= Beginning of Section =

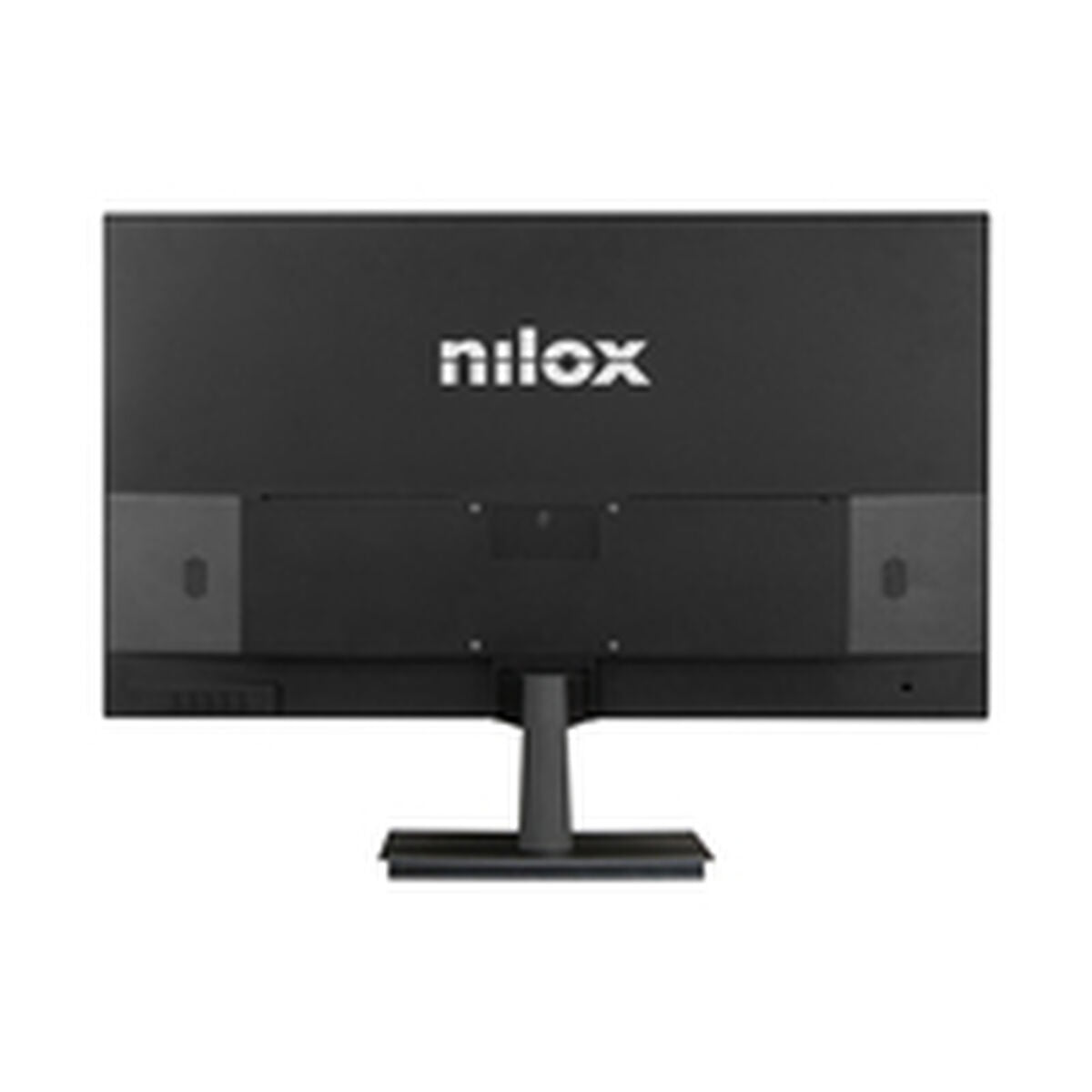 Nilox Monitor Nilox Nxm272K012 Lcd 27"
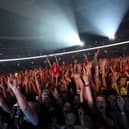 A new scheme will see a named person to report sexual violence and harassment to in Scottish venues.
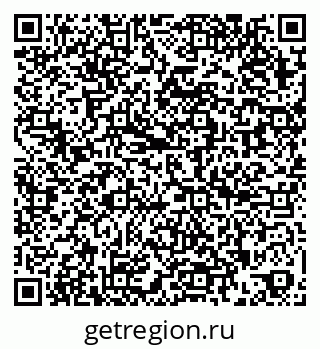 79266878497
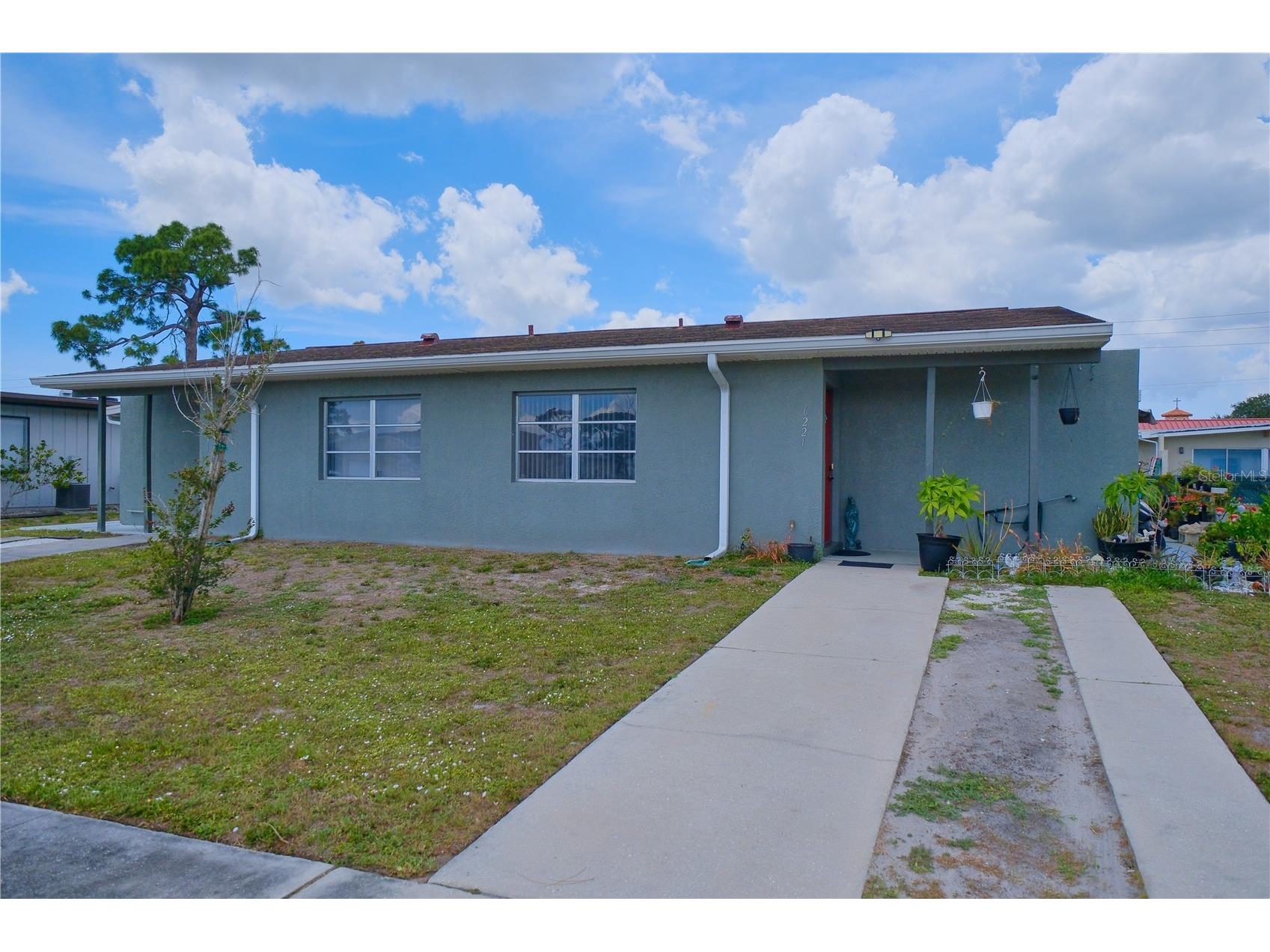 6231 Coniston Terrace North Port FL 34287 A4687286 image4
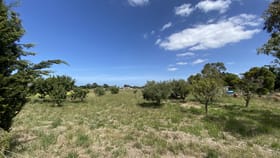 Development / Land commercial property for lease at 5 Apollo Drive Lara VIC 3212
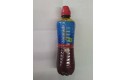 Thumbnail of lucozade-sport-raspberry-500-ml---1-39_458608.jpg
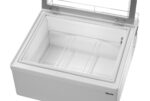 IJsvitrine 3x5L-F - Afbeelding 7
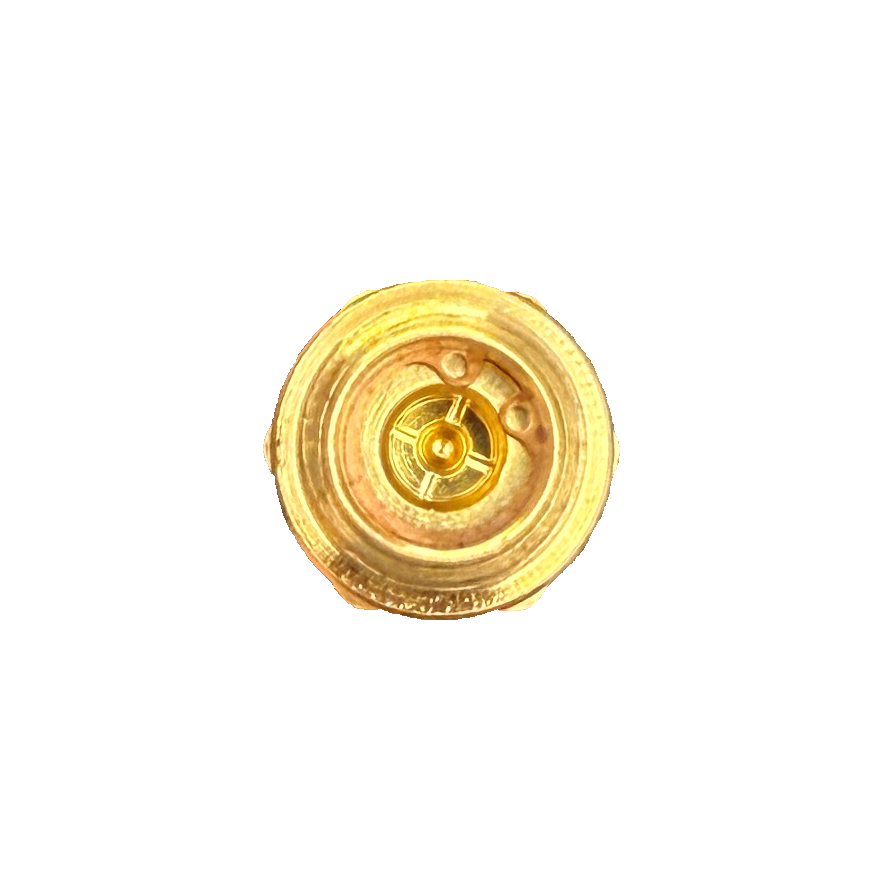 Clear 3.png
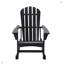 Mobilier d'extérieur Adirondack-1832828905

= End of Section =

● TASK TO CARRY OUT
Take the line containing "Thumbnail of lucozade-sport-raspberry-500-ml---1-39_458608.jpg" as the first and the last line of the records as the end. Print every line in that span exactly, leaving out pictures.

● TASK SOLUTION
 Thumbnail of lucozade-sport-raspberry-500-ml---1-39_458608.jpg
 IJsvitrine 3x5L-F - Afbeelding 7
 Clear 3.png
 Mobilier d'extérieur Adirondack-1832828905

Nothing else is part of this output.